### Goal of the exercise
A partial copy is required: transcribe exactly the lines from the one containing "तो friends, इस" through the last line below, without any pictures.

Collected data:
=== Begin Enclosure ===

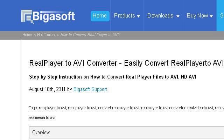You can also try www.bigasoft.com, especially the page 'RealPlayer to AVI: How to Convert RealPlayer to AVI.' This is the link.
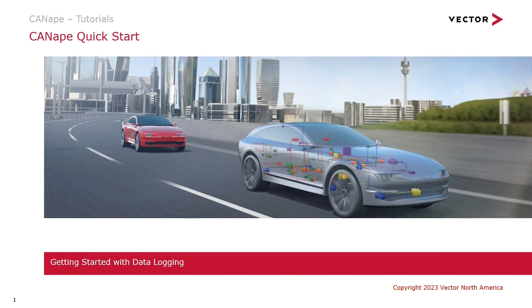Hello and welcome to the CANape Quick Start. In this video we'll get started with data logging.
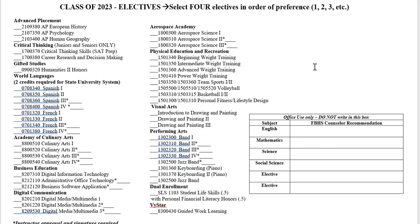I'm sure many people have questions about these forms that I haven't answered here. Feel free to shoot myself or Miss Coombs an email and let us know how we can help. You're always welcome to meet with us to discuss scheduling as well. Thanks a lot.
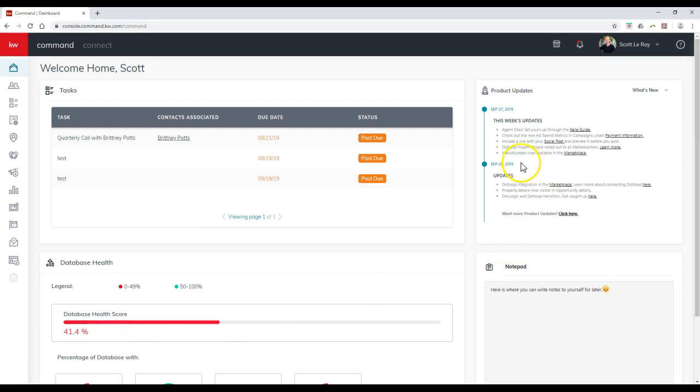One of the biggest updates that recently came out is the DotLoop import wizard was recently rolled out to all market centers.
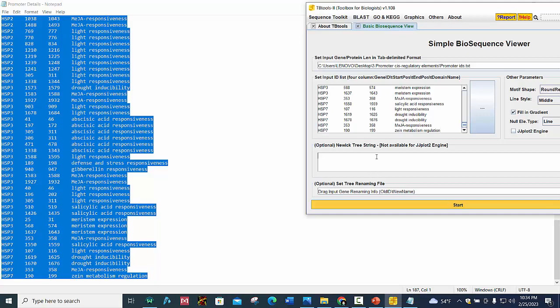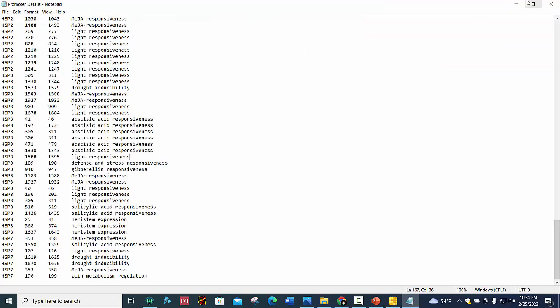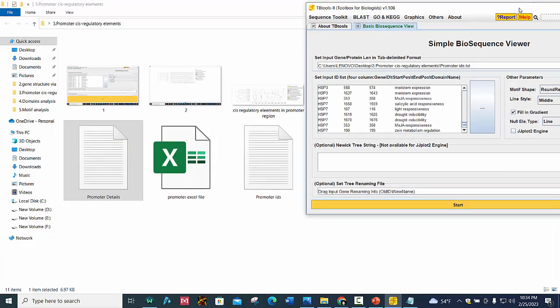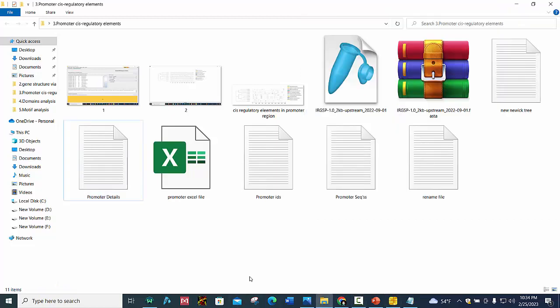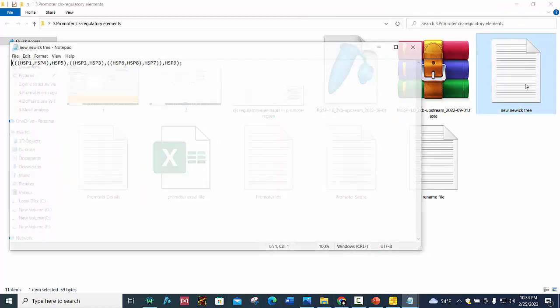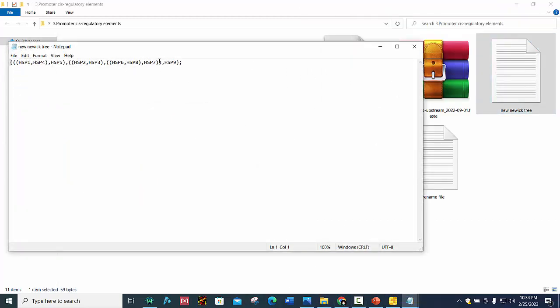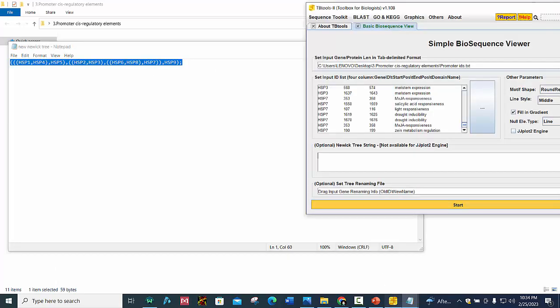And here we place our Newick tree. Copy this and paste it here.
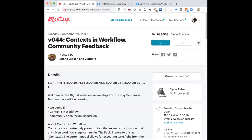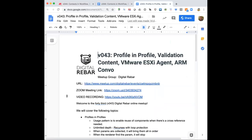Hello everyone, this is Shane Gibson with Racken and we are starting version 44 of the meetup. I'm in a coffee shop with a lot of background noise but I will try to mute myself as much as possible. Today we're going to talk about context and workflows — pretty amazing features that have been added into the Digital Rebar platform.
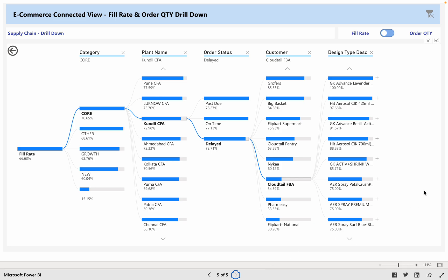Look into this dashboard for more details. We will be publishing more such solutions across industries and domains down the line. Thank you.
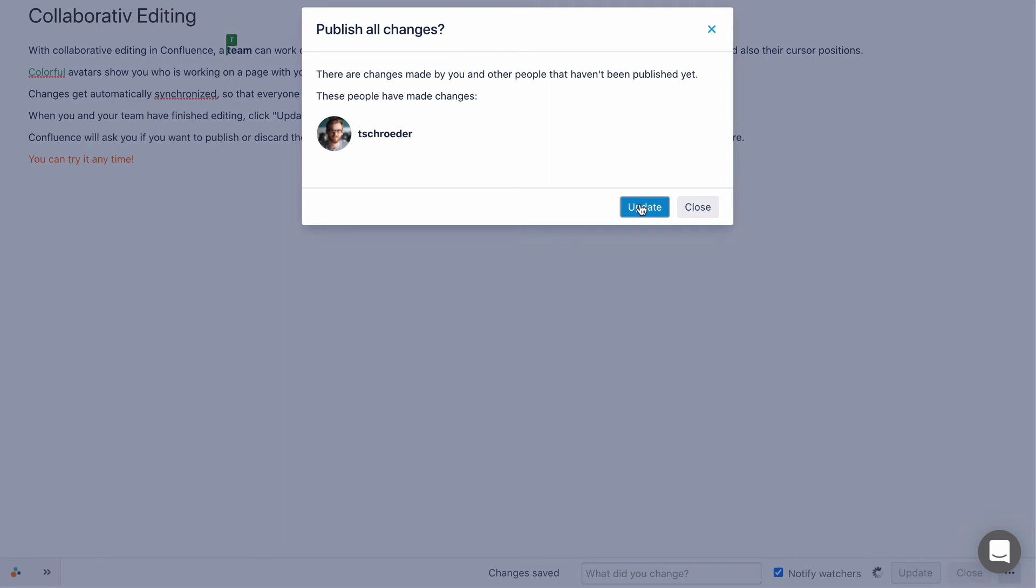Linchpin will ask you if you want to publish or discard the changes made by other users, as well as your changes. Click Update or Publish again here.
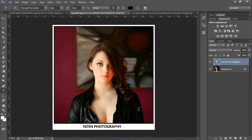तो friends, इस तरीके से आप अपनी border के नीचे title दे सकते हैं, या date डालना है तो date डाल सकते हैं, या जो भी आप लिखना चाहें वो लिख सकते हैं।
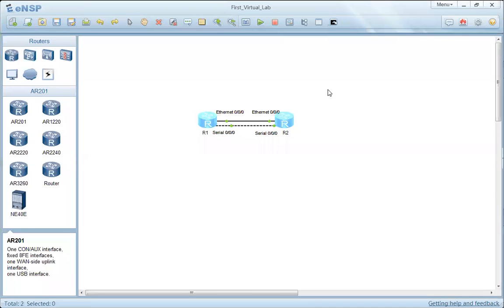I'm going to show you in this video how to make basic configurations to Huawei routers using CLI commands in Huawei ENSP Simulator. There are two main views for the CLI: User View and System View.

=== End Enclosure ===

### Output below
तो friends, इस तरीके से आप अपनी border के नीचे title दे सकते हैं, या date डालना है तो date डाल सकते हैं, या जो भी आप लिखना चाहें वो लिख सकते हैं।
I'm going to show you in this video how to make basic configurations to Huawei routers using CLI commands in Huawei ENSP Simulator. There are two main views for the CLI: User View and System View.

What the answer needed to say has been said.